We also identified 25 independent SNPs associated with variance in 25OHD—these are putative GxE loci. While five of these have strong evidence of interacting with season of measurement, at least ten are GxE candidates with yet-to-be-identified environmental risk factors, and search of published GWAS results for association with these SNPs (i.e., PheWAS34) may help with this prioritisation (Supplementary Data 13). In summer months, the mean 25OHD concentrations are higher, and a larger proportion of the variance could be attributed to genetic factors in summer compared with winter (SNP-based heritability of 0.19, s.e. = 0.02, vs 0.10, s.e. = 0.02, Pdifferent = 1.5 × 10−3), and this reflected an increase in genetic variance rather than a decrease in residual variance (Supplementary Data 1).
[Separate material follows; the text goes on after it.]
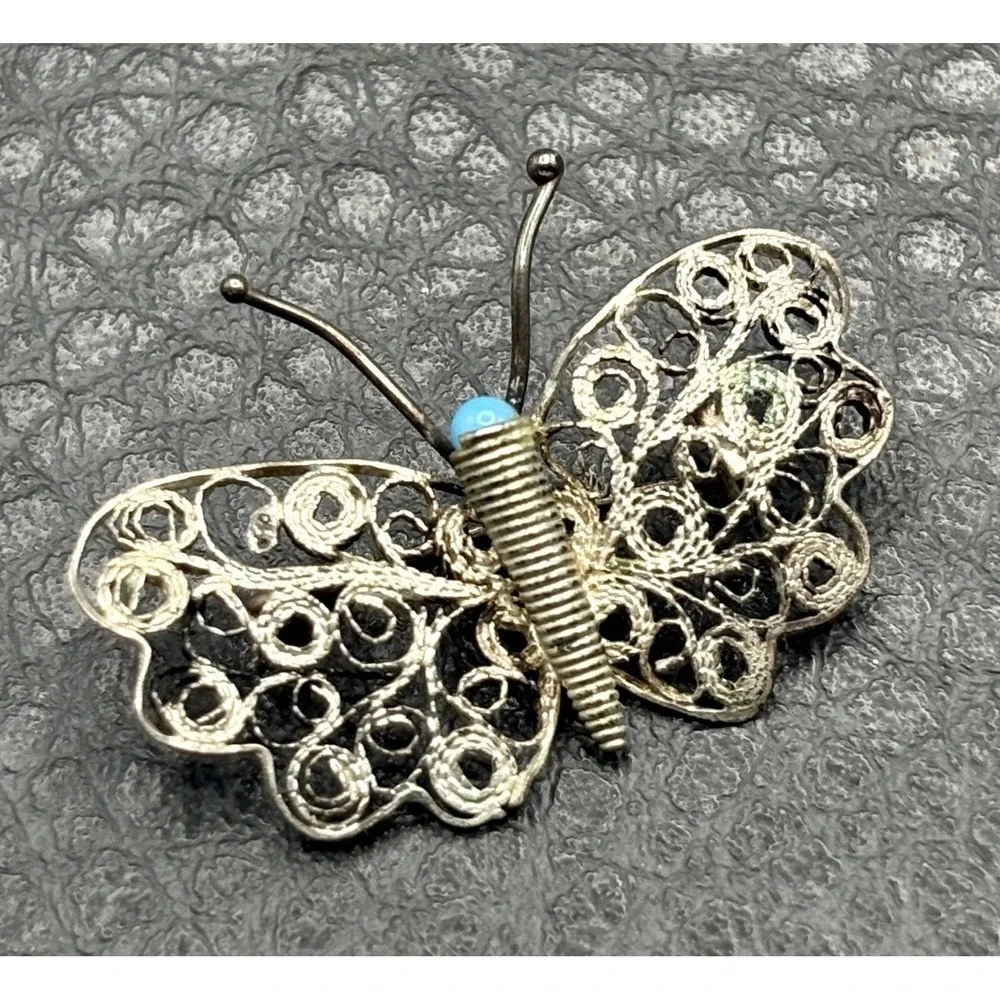 Vintage Sterling Silver Spun Filigree Butterfly Brooch Blue Stone Pin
However, the genetic correlation from summer and winter SNP effect sizes was not significantly different from 1. Five loci were identified as significant in GxE analysis with season, and for two the direction of effect was reversed (Supplementary Data 14). The vitamin D phenotype is an interesting one to explore from the perspective of GxE as seasonal fluctuations provide a natural experiment to dissect components of the genetic architecture that influence synthesis (i.e., inflow) and excretion (i.e., outflow) of 25OHD-related pathways.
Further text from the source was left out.